Many AML solution providers are applying machine learning techniques to reduce the number of false positives and to filter alerts that can suggest an automated alert disposition, significantly reducing human effort.
One area in which machine learning can help is behavioral analysis, which establishes customer profiles based on a combination of indicative and transaction data. The algorithms can troll through much larger volumes of data than humans and establish a more significant number of profiles at a more granular level. This allows a higher degree of sensitivity in detecting potential deviations in behavior. Criminals know that their transaction behavior is being monitored and are constantly looking for techniques that help them avoid detection, like integrating their illegal transactions with many legal transactions.

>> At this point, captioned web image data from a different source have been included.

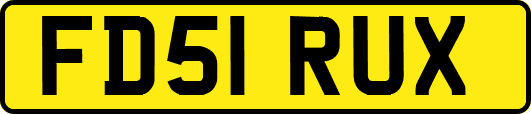 FD51RUX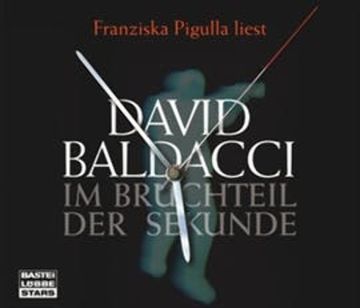 Im Bruchteil der Sekunde audiobook, David Baldacci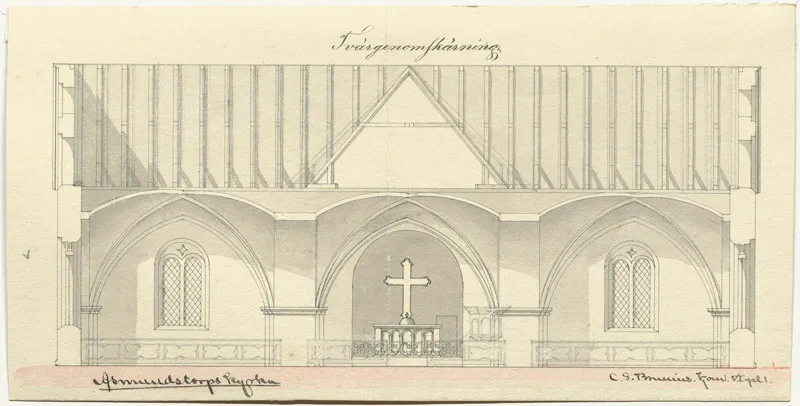 Asmundtorps kyrka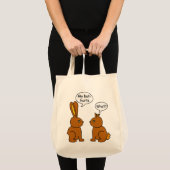 My Butt Hurts! - What Grocery Tote Bag (Front (Product))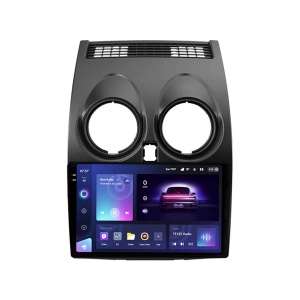 Navigatie Auto Teyes CC3 2K 360° Nissan Qashqai 1 J10 2006-2013 6+128GB 9.5" QLED Octa-core 2Ghz, Android 4G Bluetooth 5.1 DSP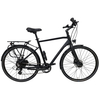 Bicicleta electrica Prophete 51581 - 28 inch, XL, Negru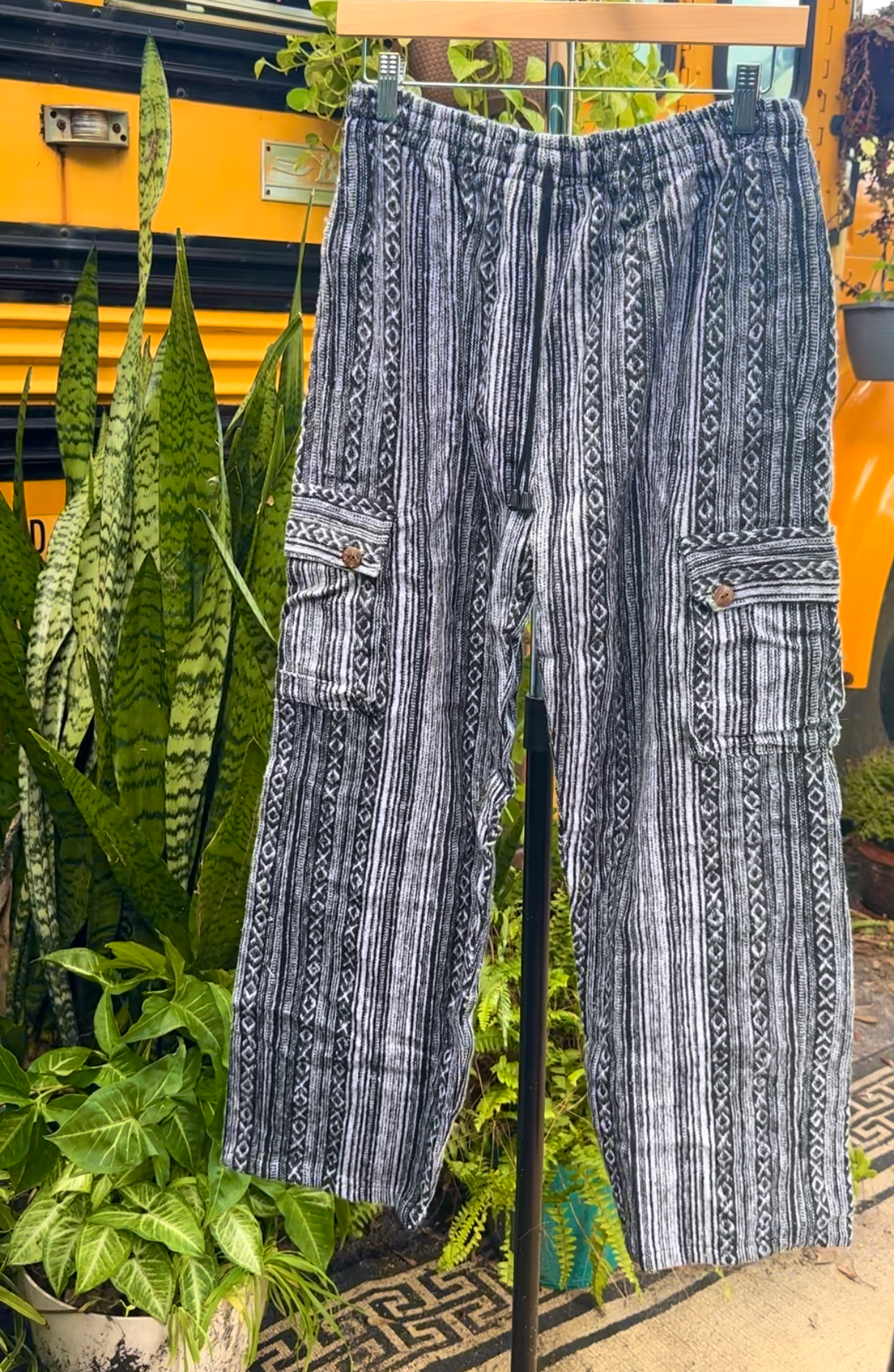 Thai Woven Pants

The challenge with greater sensitivity is a higher likelihood of false positive generation, and as mentioned above, it could significantly degrade the benefit of using AI-driven behavioral analysis.

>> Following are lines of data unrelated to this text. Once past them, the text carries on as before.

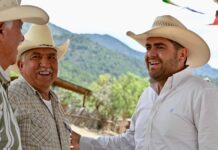 Recorre presidente del PRI Saltillo ejidos para fortalecer atención directa a comunidades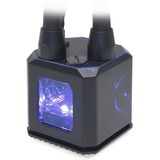 Alphacool Eisbaer Aurora HPE Edition 360 CPU AIO 360mm, Refrigeración por agua negro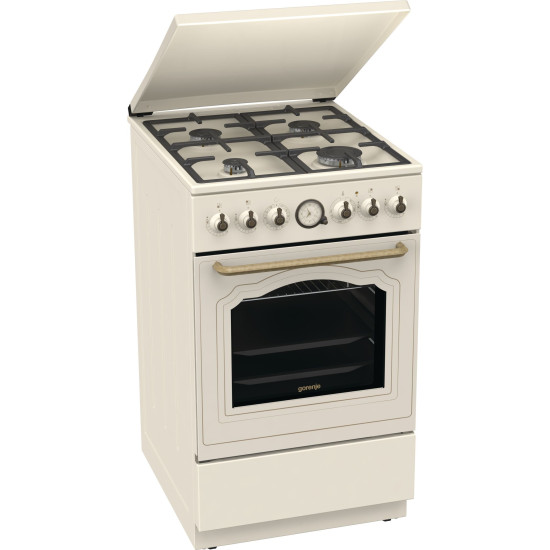 Gorenje GKS5C71CLI Kombinált tűzhely
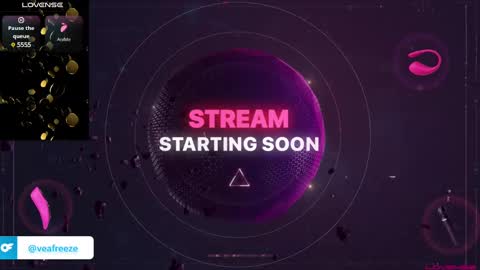 veafreeze online show from 16, 1, 2025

One novel area of research is Social Network Analysis (SNA), which calculates a client or counterparty’s predicted risk based on social network metrics. SNA analyzes the patterns of connections, interactions, and dependencies between individuals, groups, or organizations within a social network.

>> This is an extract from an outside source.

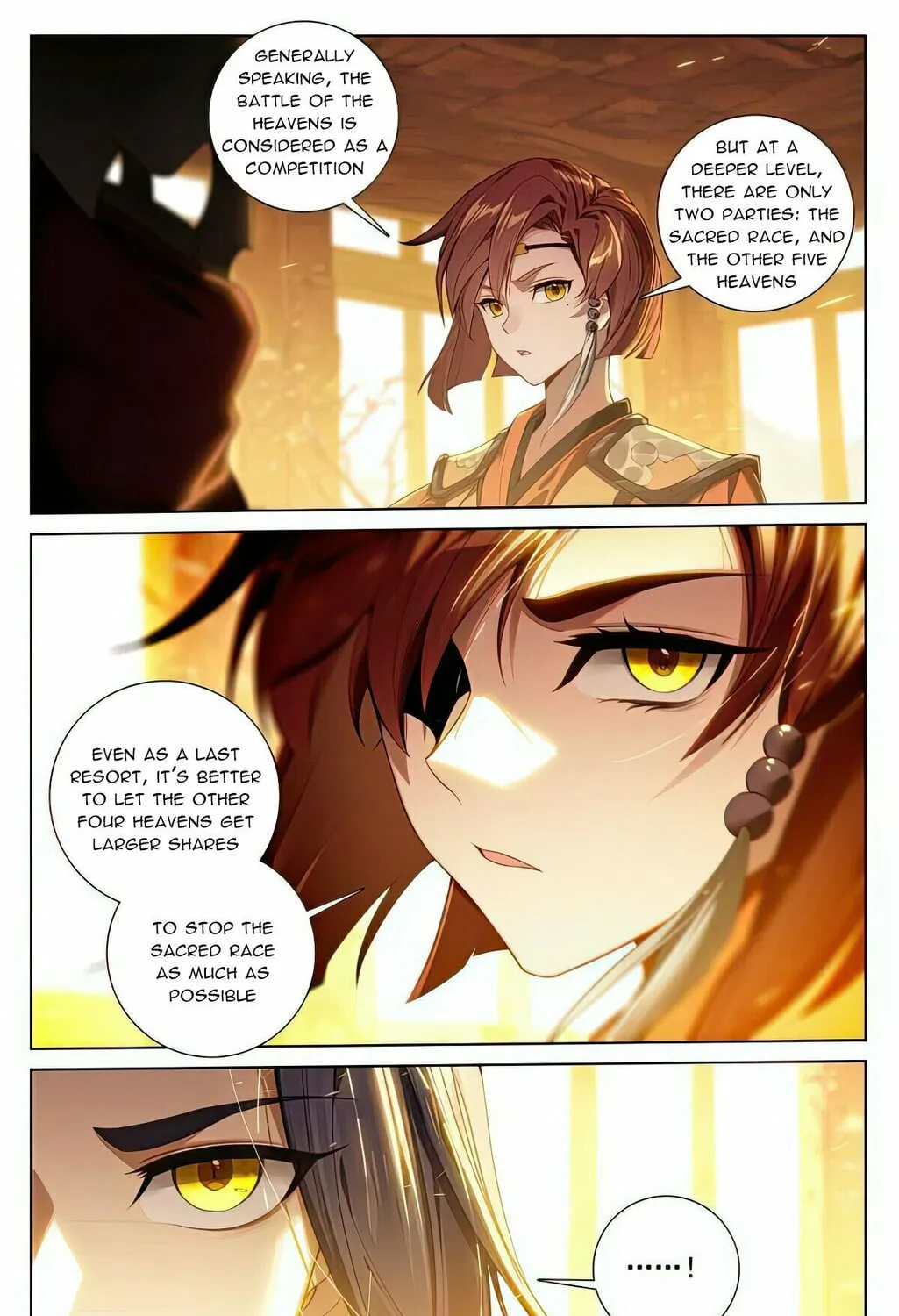 Read Dragon Prince Yuan chapter 508.5 image 3 on Lezhin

From a financial crime perspective, the nodes on the network are the client and institutional entities, and the edges are the transactions between the entities. A typical analysis technique evaluates the centrality of specific nodes and the clusters of nodes on the network. The challenge with this is these are often more likely to identify high volume transactors who are engaged in legal activities. The key is to find the illegal activity that is trying to ride alongside undetected.
A team in Italy took a different approach, looking at other factors at both the client and transaction levels. They combined transaction frequency, transaction size, regional demographic data, and beneficial owner data. They found that criminal transactions often involved a lower-volume transactor conducting higher-value transactions spanning different geographies and involving some commonality across the beneficial owners.
While this research used a small sample size in a single country, it shows the potential of using advanced social network analysis to improve the quality of machine learning transaction monitoring techniques.